Was he still capable of saying the right things? Yes, and he often did. Was he right about Trump and the Trumpsters? Absolutely, categorically, offensively NO! In Medved’s case the bad outdid any possible good and I quit following him.
Another example is Glenn Beck. I really like the guy - but rarely seek out his “wisdom”. He’s a nice guy and (I believe) very sincere. But he is casually reckless with the facts. I don’t know if he has writers preparing his scripts or if it is he himself, but he needs to be better about checking his sources before making bold declarations.

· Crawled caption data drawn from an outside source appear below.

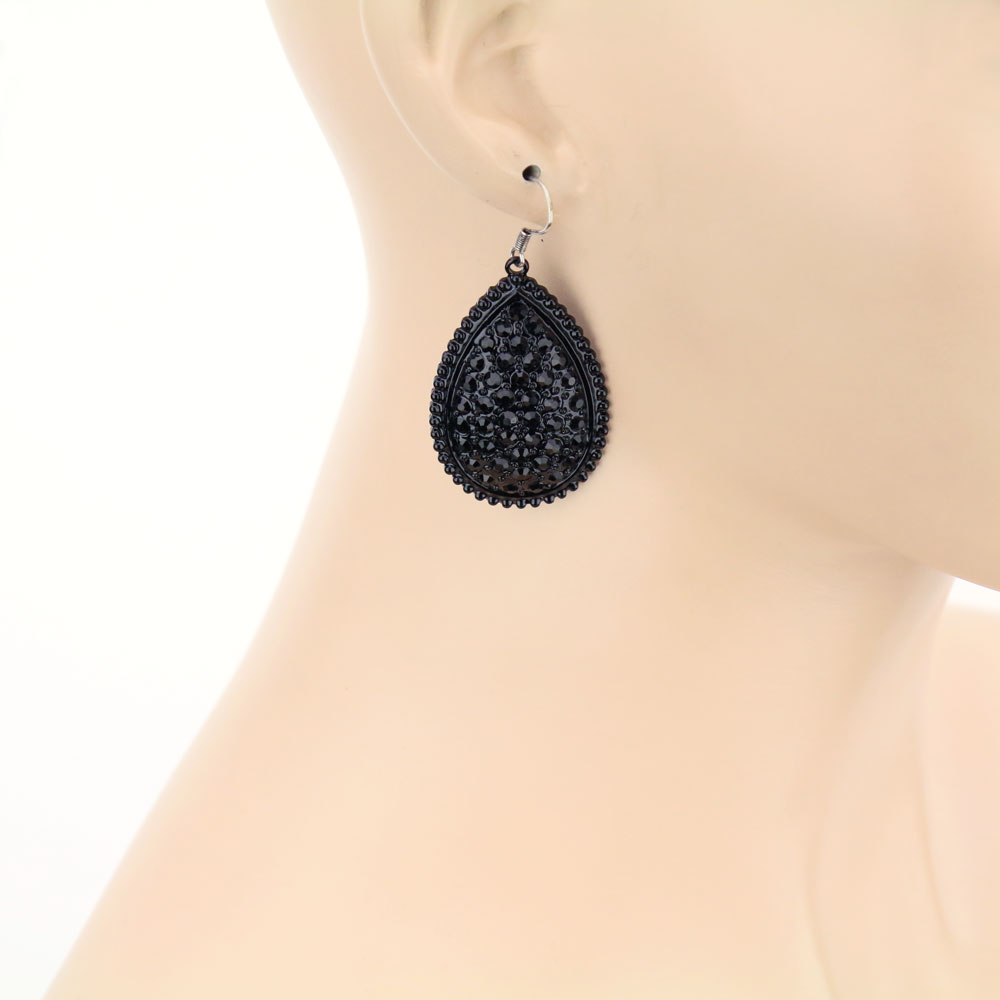Fashion Teardrop Fish Hook Earrings - Image 2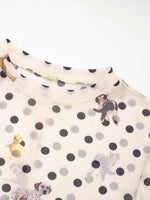 Load image into Gallery viewer, Animal Print Polka Dot Crop Top Waist Tie Women N6B022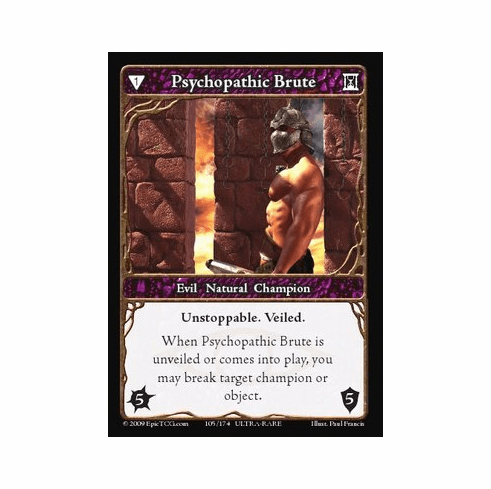 EPIC Tcg Time Wars Psychopathic Brute Single Card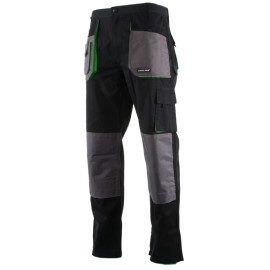 LAHTI PRO Spodnie Ochronne Do Pasa Czarno-Zielone XL L4050656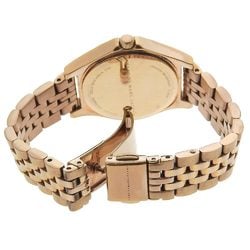 MARC BY JACOBS The Watch MBM3322 Stainless Steel Made in the USA Pink Gold Quartz Analog Display Navy Dial Slim Women's I210123034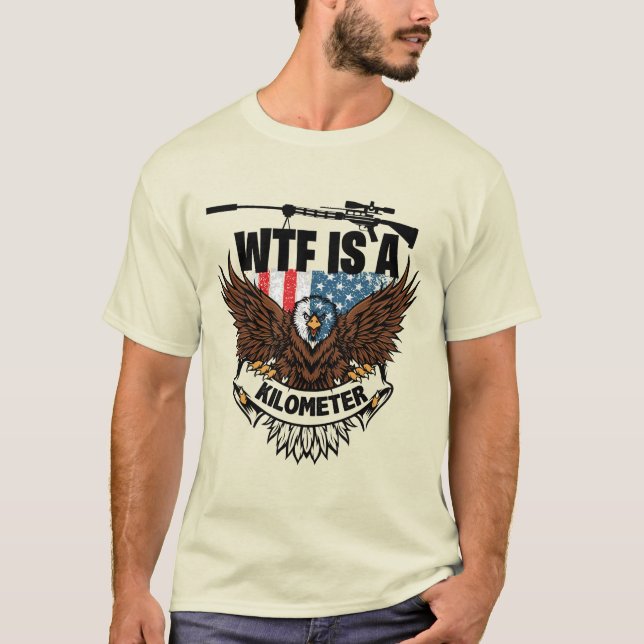 Vad Är En Kilometer T SHIRT DESIGN  (Framsida)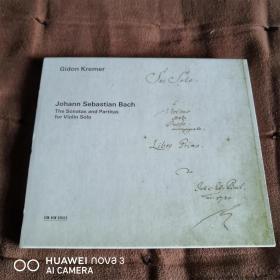 ECM 巴赫-无伴奏小提琴/克莱默 BACH / KREMER  2CD 德首版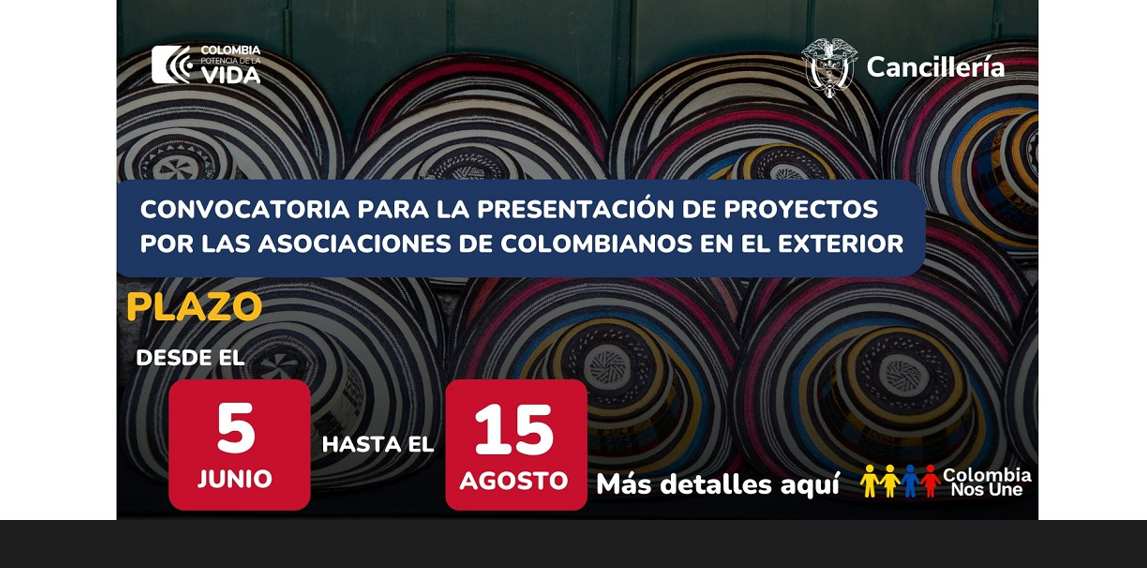 Convocatoria para la presentación de proyectos por asociaciones de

He firmly believes that his highly watched show crashed because he “got too close to the truth”. I believe it crashed because he was sloppy and negligent.

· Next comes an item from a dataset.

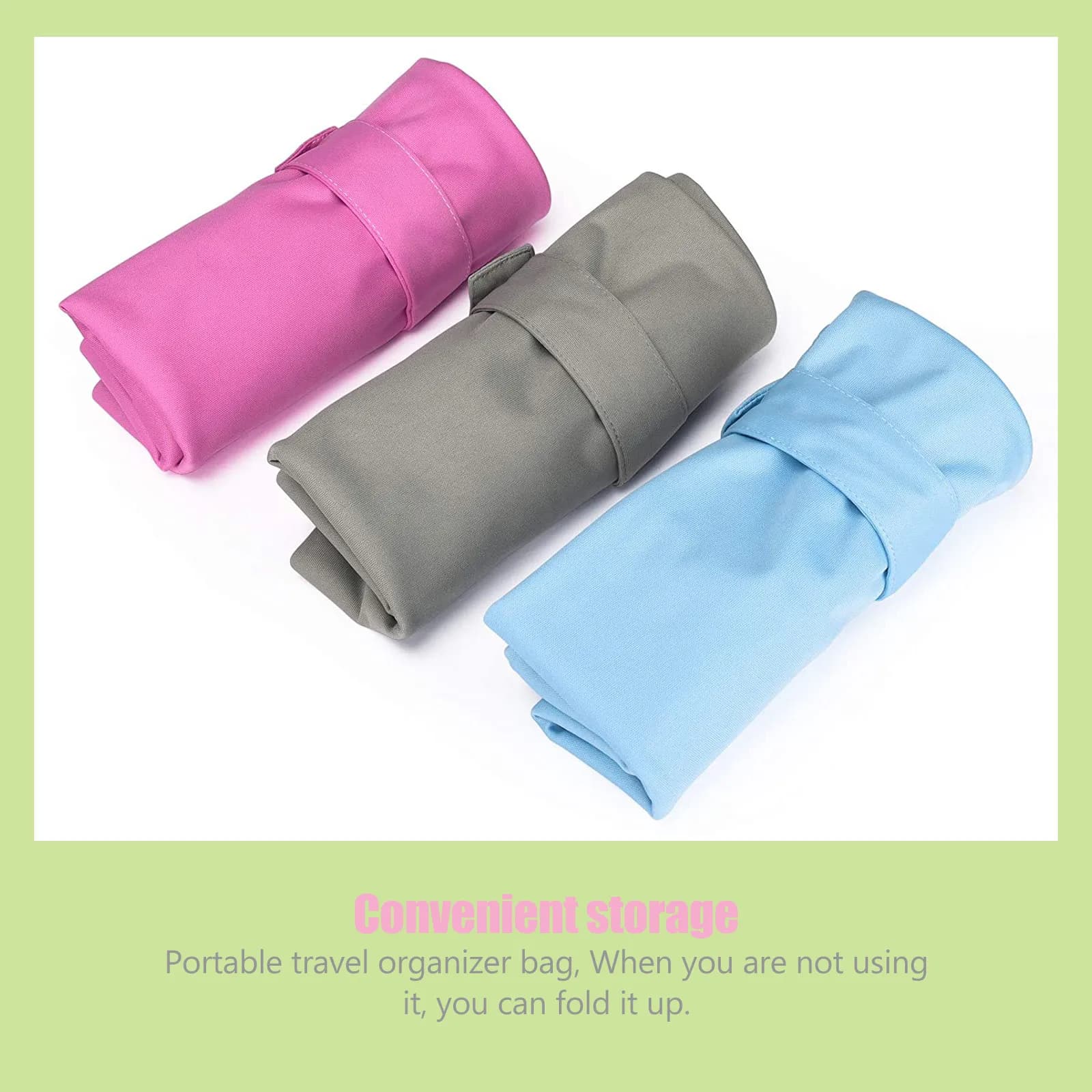 3 sacchetti impermeabili riutilizzabili per pannolini, organizer per pannolini in tessuto, accessori per tiralatte, custodia portatile da viaggio per neonati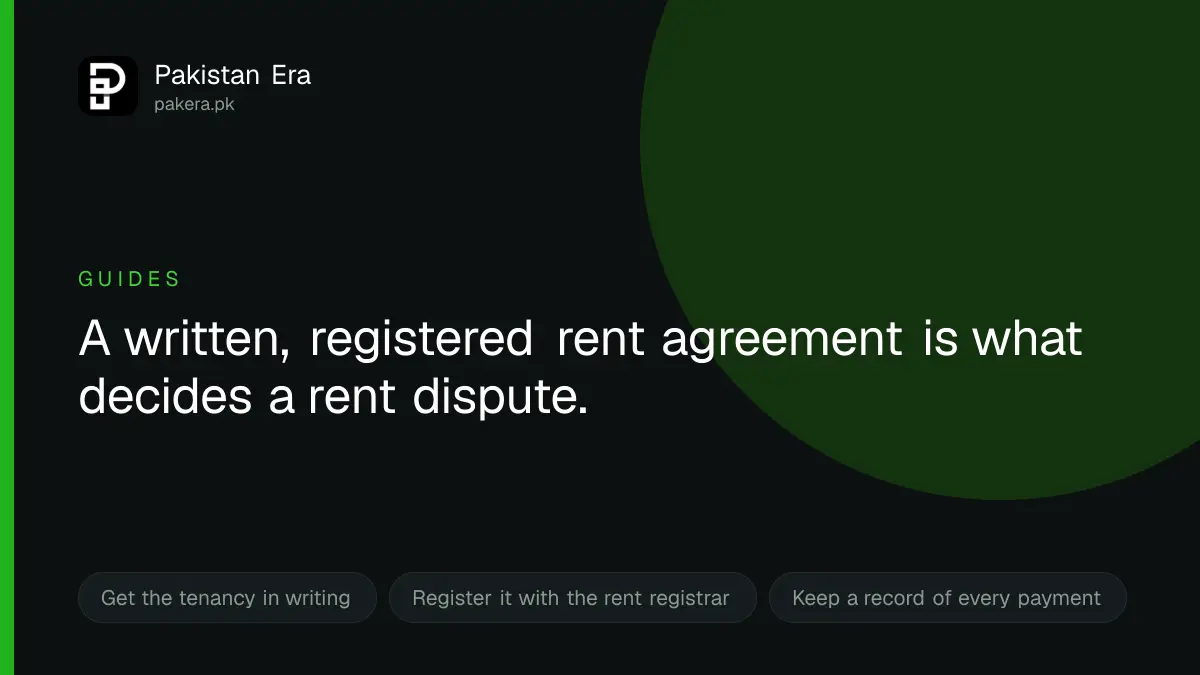 What to do when your landlord raises the rent in Pakistan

That said, he is still capable of solid analysis and I do read his stuff from time to time.
Really, 1860?
You mean 1860, the year Deep South Fire Eaters successfully split apart their majority national Democrat party, thus guaranteeing election of a minority Republican candidate?
You think Marx supported Fire Eaters?
You mean 1860, the year Democrats first went berserk & declared their secession over election of the first Republican Donald Trump?
You think Marx supported berserker Democrats?
You mean 1860, the year Democrats first began threatening violence against Union officials and seizing Union property?
You think Marx supported Democrat violence against the United States?
I beg to disagree.
The same Democrats who hoped to destroy the US Constitution in 1860 have worked since the "Progressive" era to destroy it by other means.
Southern Democrats were happy to support "Progressivism" so long as Southern Democrats were to benefit from it.
They only began flipping to conservative Republicans when that possibility disappeared.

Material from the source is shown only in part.